Saturday 18 August 2007

Guisborough Town 1 Norton & Stockton Ancients 3

Attendance: 144
FA Cup, Extra Preliminary Round

This season I decided to start right at the beginning. Here you’re as many wins from the first round proper as teams in that round are from the semi-finals. Not so much at Everest base camp, then, as hoping to get through customs at Kathmandu airport. Five Live requests texts from players (there are more than 3,600 of them) on their way to these matches rather than fans. For ‘minnows’ read ‘plankton’.

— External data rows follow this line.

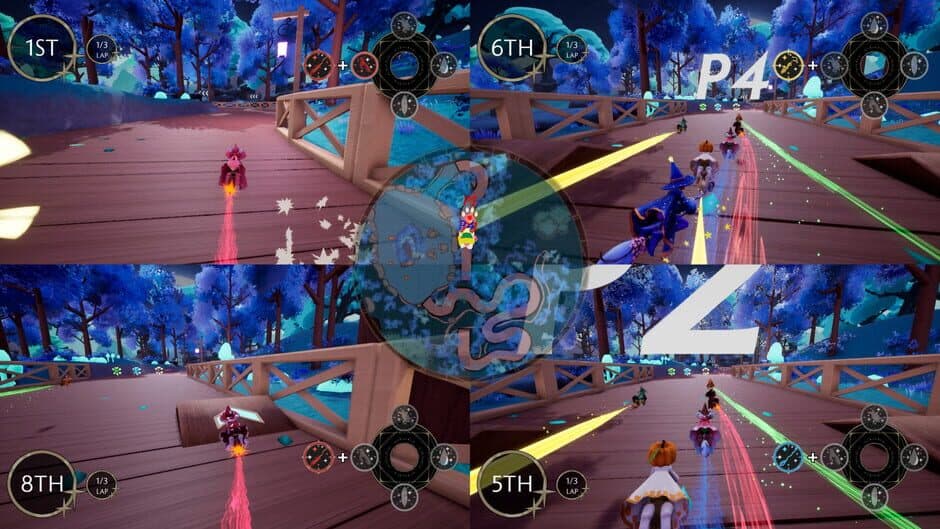Скриншот 10 из Hex Rally Racers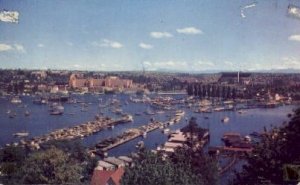 Portage Bay - Seattle, Washington WA Postcard
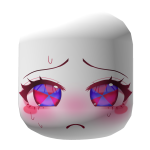 [ORIGINAL] Pomni face nervous anime face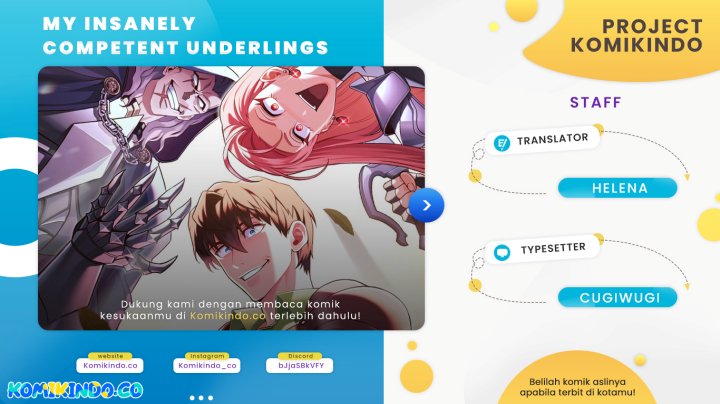 My Insanely Competent Underlings Chapter 27 Gambar 1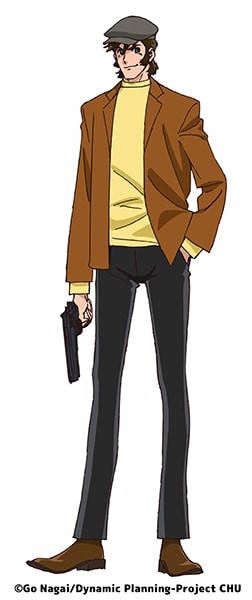 浅沼晋太郎が声を当てる早見青児。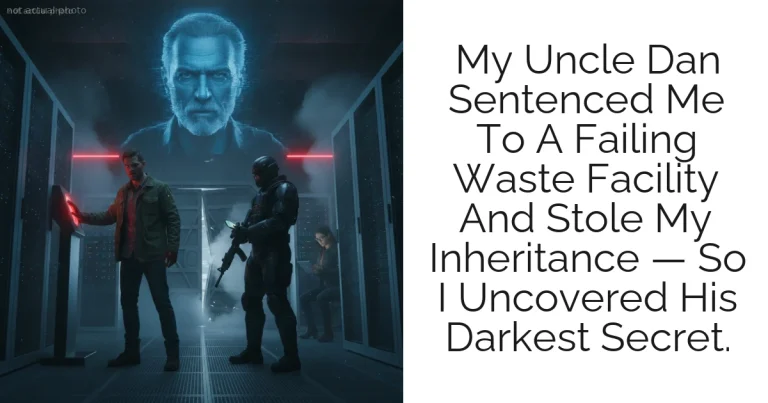 My Uncle Dan Sentenced Me To A Failing Waste Facility And Stole My Inheritance — So I Uncovered His Darkest Secret.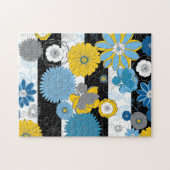 11x14フローラパズル（Colorblind People用） ジグソーパズル (横)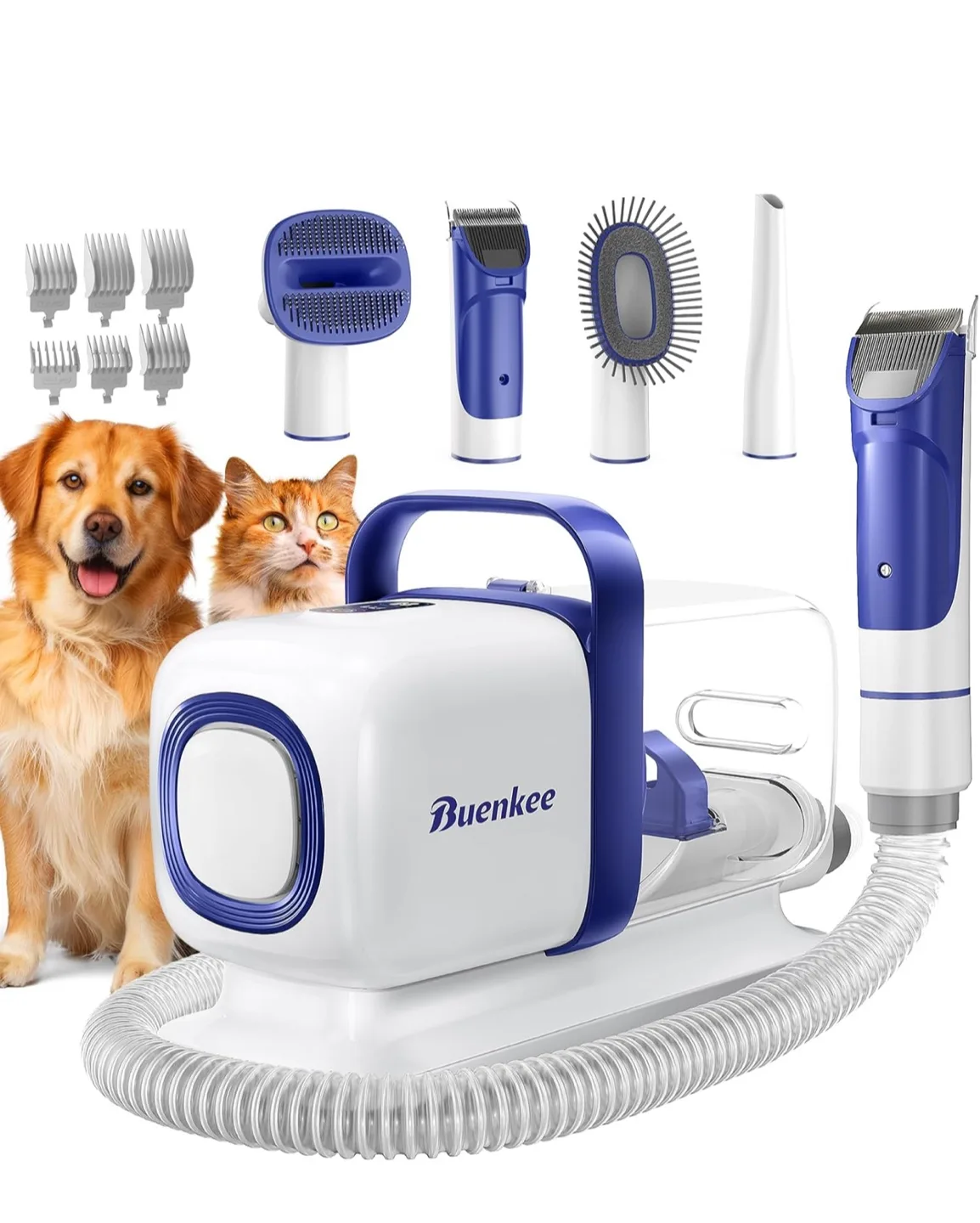 Buenkee Pet Grooming Vacuum Kit - New in Box! thumbnail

In fact, so many teams enter the Cup that reading the draw takes about as long as driving to a match. In common with picking a winner at the Grand National, I made my selection largely on the basis of name. Oxhey Jeys, Concord Rangers, Coventry Sphinx, Sporting Bengal United, Lincoln Moorlands Railway and, the very silly, Nuneaton Griff, tickled my fancy but were playing too far away. Norton & Stockton Ancients, though, were drawn away to Guisborough Town (near Middlesbrough) which would also allow for sandwiches on the beach beforehand, something of a tradition on these jaunts. So Guisborough – preceded by an hour with Bertie at Salturn-by-the-Sea – it was.


The crowd was surprisingly large. Three figures, in fact. The noise wasn’t exactly deafening but there was a hubbub of conversation in the main stand that was as loud as the wind rustling in the trees. They surround the pitch on all four sides and make for a most attractive enclosure. The occasion was as understated as the ‘Guisborough Town’ sign on the stand, which is formed of seventies-style lettering attached to a beam and all but hidden from view. All those professional teams that emblazon their name across the seats take note. (Actually, Guisborough would barely have enough seats to do that and the Ancients, I daresay, would struggle even more so).


The home side went into the fixture on the back of an 8-1 opening day victory but the confidence that will have given them gradually ebbed away. The Ancients took the lead against the run of play and, as the game progressed, so the tide turned and they ended up worthy winners. For Guisborough, it really had ended before it began.